A cluster member uses a system generated cluster name if a name is not explicitly specified. Using the system generated name (and the out-of-box multicast defaults) increases the chance of having overlapping cluster configurations on the network. This can lead to cluster members accidentally joining an unexpected cluster.

To specify a cluster name, edit the operational override file and add a <cluster-name> element, within the <member-identity> element, that includes the cluster name. For example:

<?xml version='1.0'?>

<coherence xmlns:xsi="http://www.w3.org/2001/XMLSchema-instance"
   xmlns="http://xmlns.oracle.com/coherence/coherence-operational-config"
   xsi:schemaLocation="http://xmlns.oracle.com/coherence/
   coherence-operational-config coherence-operational-config.xsd">
   <cluster-config>
      <member-identity>
         <cluster-name system-property="tangosol.coherence.cluster">MyCluster
         </cluster-name>
      </member-identity>
   </cluster-config>
</coherence>

The tangosol.coherence.cluster system property is used to specify the cluster name instead of using the operational override file. For example:

-Dtangosol.coherence.cluster=name

6.3 Specifying a Cluster Member's Identity

A set of identifiers are used to give a cluster member an identity within the cluster. The identity information is used to differentiate cluster members and conveys the members' role within the cluster. Some identifiers are also used by the cluster service when performing cluster tasks. Lastly, the identity information is valuable when displaying management information (for example, JMX) and facilitates interpreting log entries. The following list describes each of the identifiers:

To specify member identity information, edit the operational override file and add the member identity elements within the <member-identity> element as demonstrated below:

<?xml version='1.0'?>

<coherence xmlns:xsi="http://www.w3.org/2001/XMLSchema-instance"
   xmlns="http://xmlns.oracle.com/coherence/coherence-operational-config"
   xsi:schemaLocation="http://xmlns.oracle.com/coherence/
   coherence-operational-config coherence-operational-config.xsd">
   <cluster-config>
      <member-identity>
         <site-name system-property="tangosol.coherence.site">pa-1</site-name>
         <rack-name system-property="tangosol.coherence.rack">100A</rack-name>
         <machine-name system-property="tangosol.coherence.machine">prod001
         </machine-name>
         <process-name system-property="tangosol.coherence.process">JVM1
         </process-name>
         <member-name system-property="tangosol.coherence.member">C1</member-name>
         <role-name system-property="tangosol.coherence.role">Server</role-name>
      </member-identity>
   </cluster-config>
</coherence>

The following system properties are used to specify a cluster member's identity information instead of using the operational override file.

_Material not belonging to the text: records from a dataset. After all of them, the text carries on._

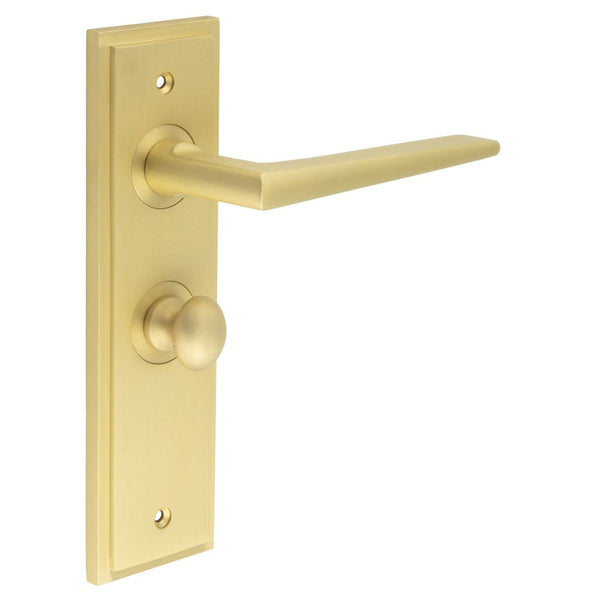 Burlington - Mayfair Door Handle Bathroom Backplate Satin Brass & Turn & Release - BUR-10SB-453SB-80SB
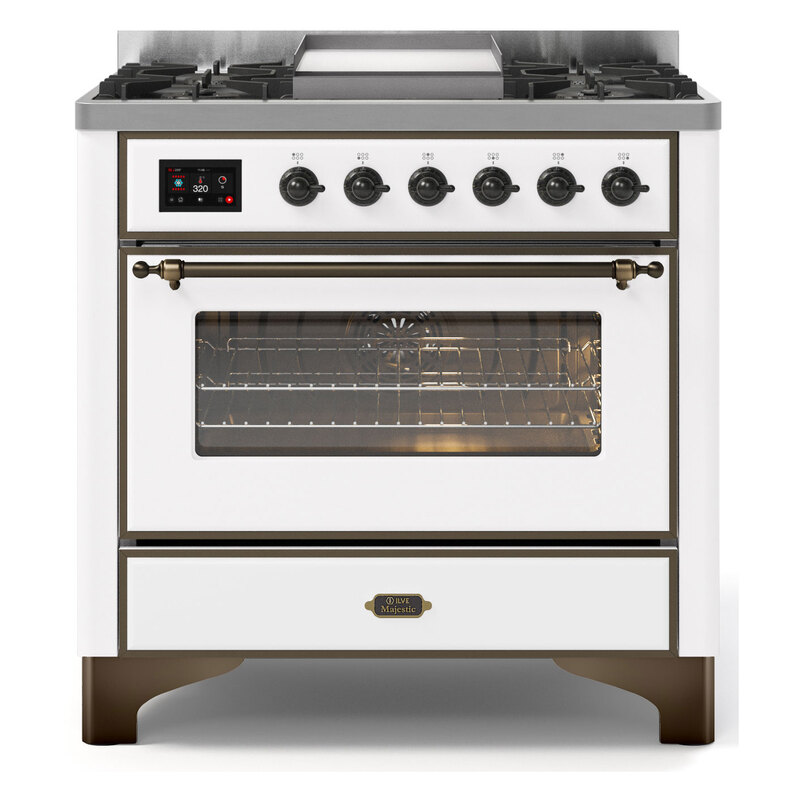 ILVE UM09FDNS3WHBLP Majestic II 36" Dual Fuel Range  (White, Burnished, Liquid Propane, Triple Glass Door)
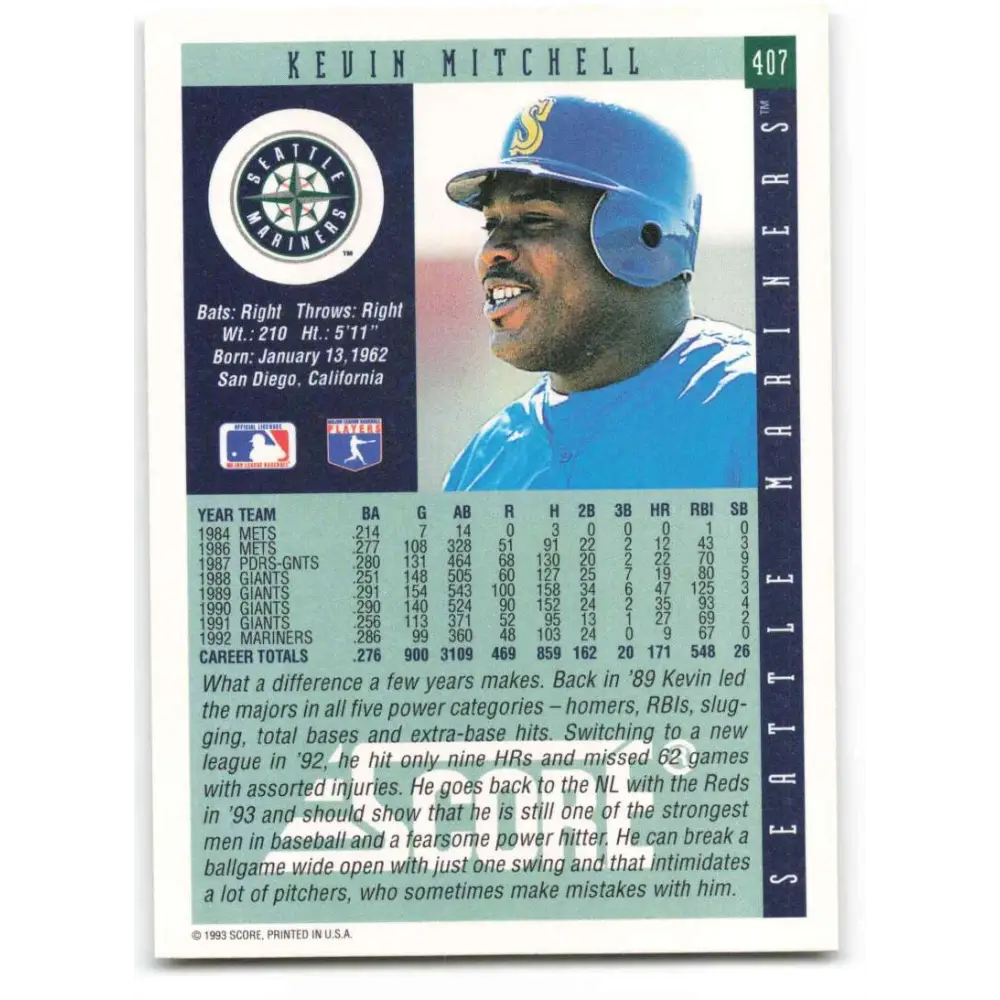 1993 Score #407 Kevin Mitchell NM-MT Seattle Mariners Baseball Card Image 2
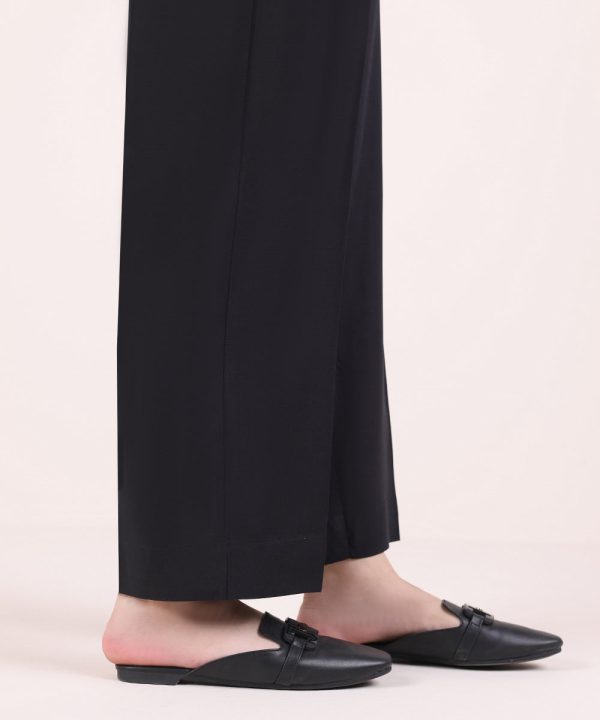 Solid Linen Straight Pants - 图片 3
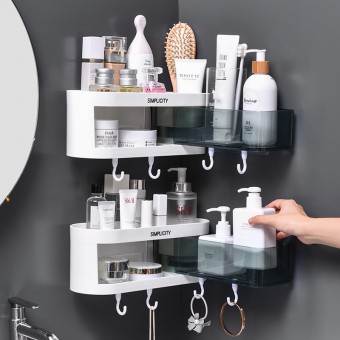 Bathroom Rotatable Storage Shelf Rack No Punch Hole Toilet Kitchen Storage 1260 Shelf Bathroom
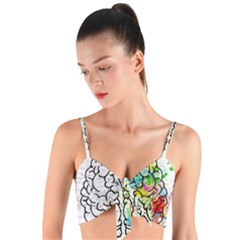 Brain Mind Psychology Idea Drawing Woven Tie Front Bralet by Ndabl3x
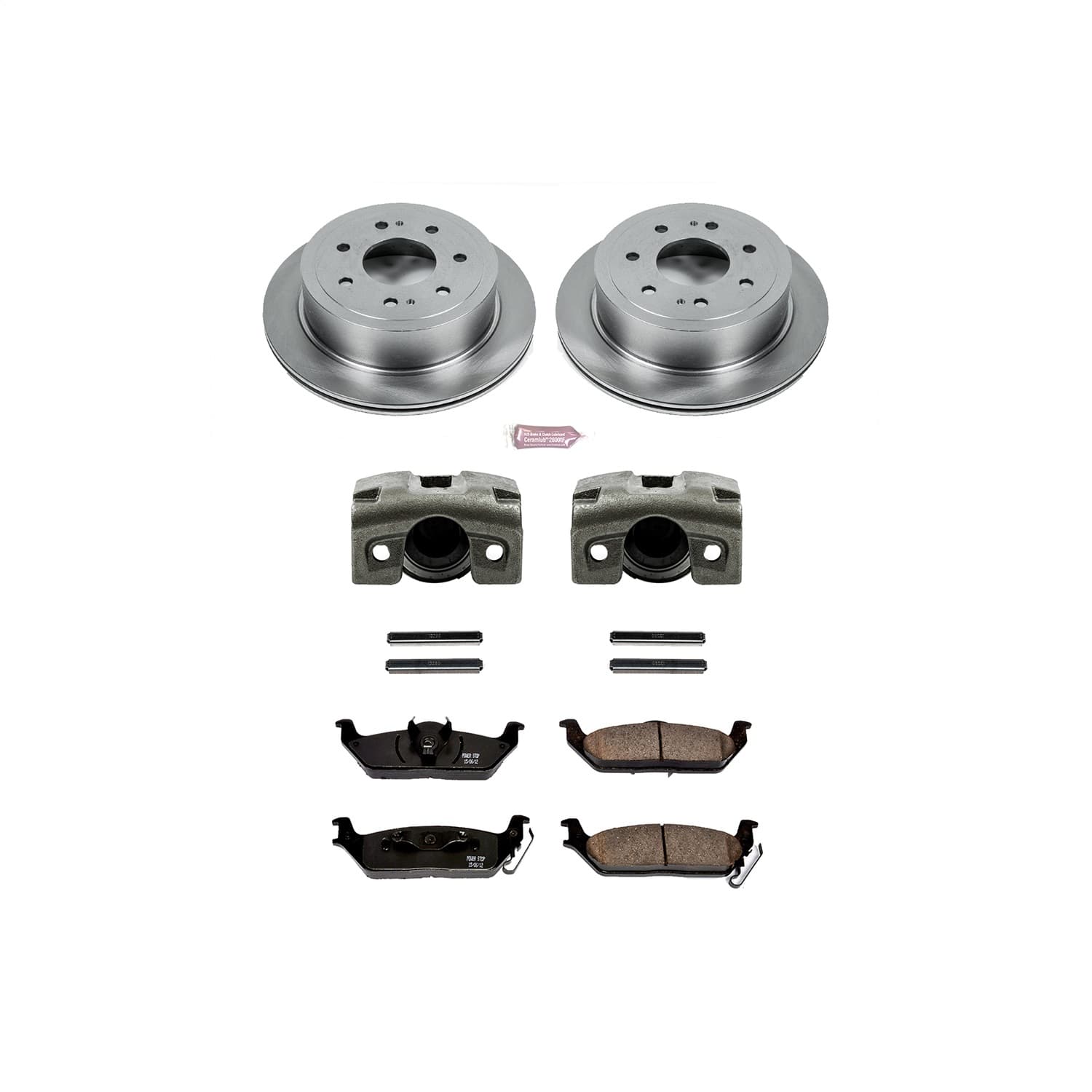 Power Stop - KCOE4556 - Rear - Disc Brake Pad/Caliper and Rotor Kit image 1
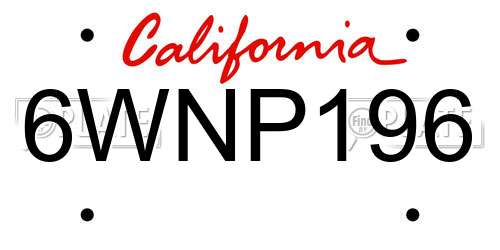 6WNP196 California License Plate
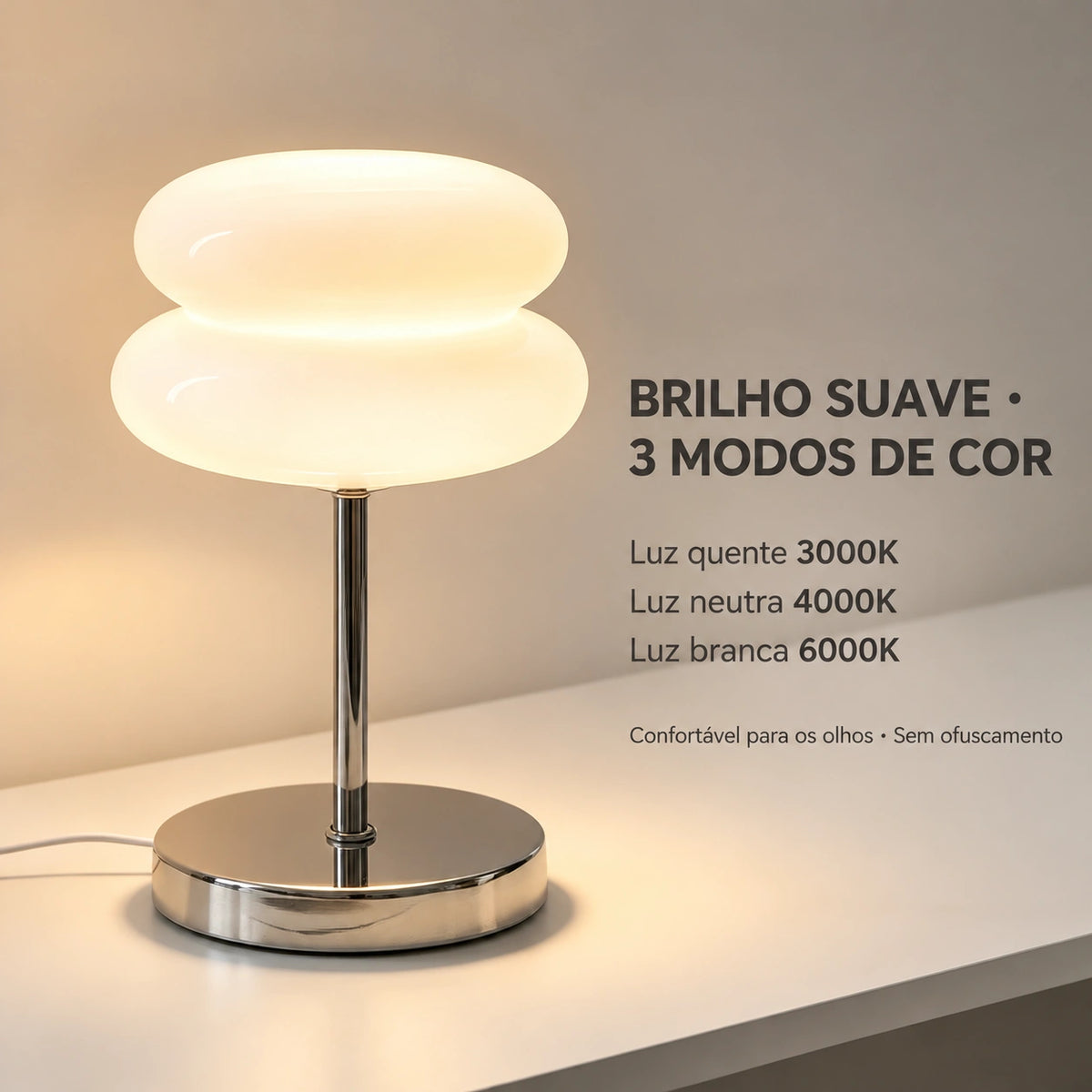 Abajur de Mesa Bauhaus Élégance Luz Regulável Base Metal Lenogue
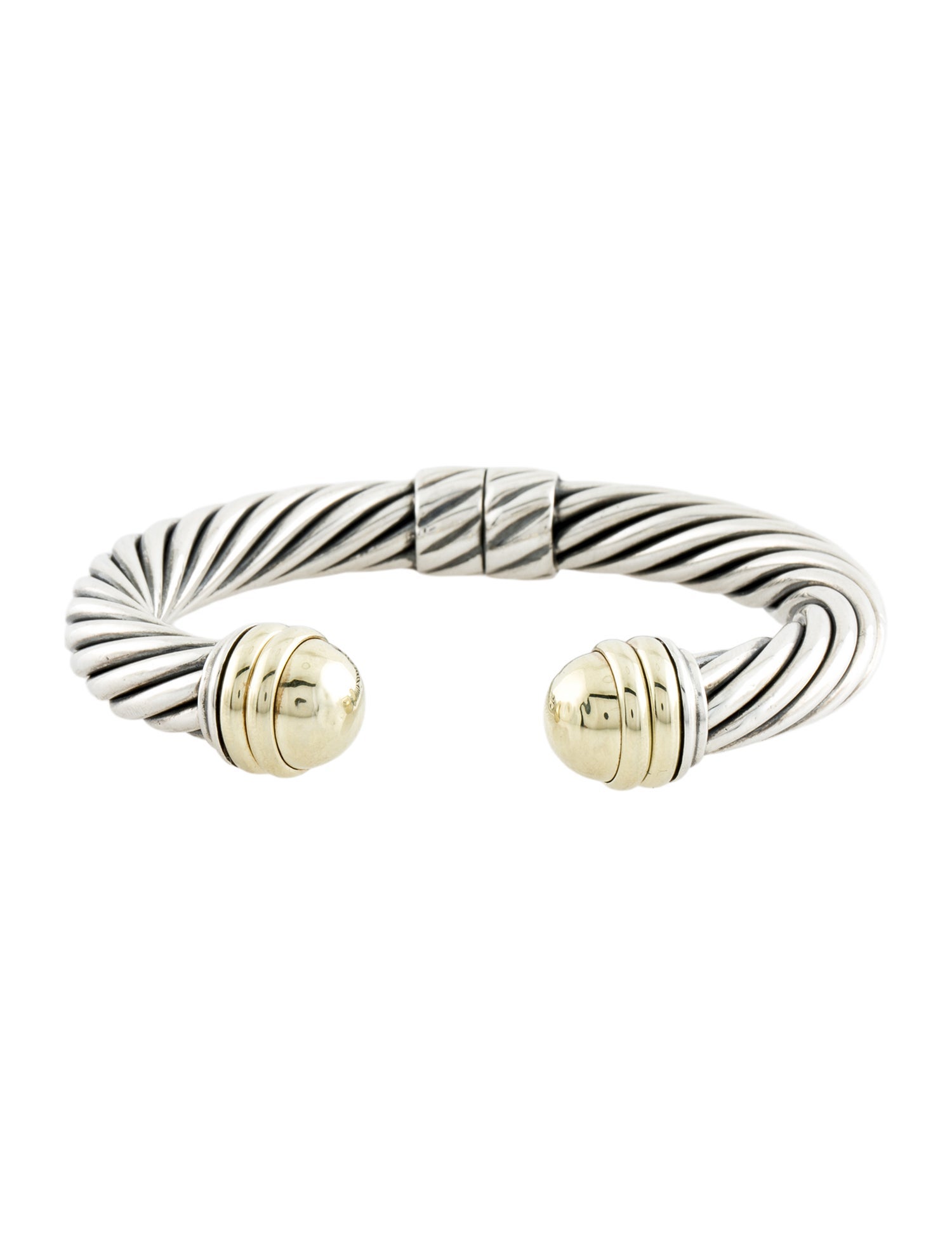 David Yurman Two-Tone Dome Cable Hinged Cuff Bracelet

-Dtangosol.coherence.site=pa-1 -Dtangosol.coherence.rack=100A  -Dtangosol.coherence.machine=prod001 -Dtangosol.coherence.process=JVM1 
-Dtangosol.coherence.member=C1 -Dtangosol.coherence.role=Server

6.4 Configuring Multicast Communication

Cluster members use multicast communication to discover other cluster members and when a message must be communicated to multiple members of the cluster. The cluster protocol makes very judicious use of multicast and avoids things such as multicast storms. By default, data is only transmitted over multicast if it is intended for more than 25% of the cluster members. The vast majority of traffic is transmitted using unicast even when multicast is enabled. For typical partitioned cache based clusters, most transmissions is point-to-point and only cluster membership and partition ownership is broadcast to the entire cluster.

Multicast communication is configured in an operational override file within the <multicast-listener> node. Many system properties are also available to configure multicast communication when starting a cluster member.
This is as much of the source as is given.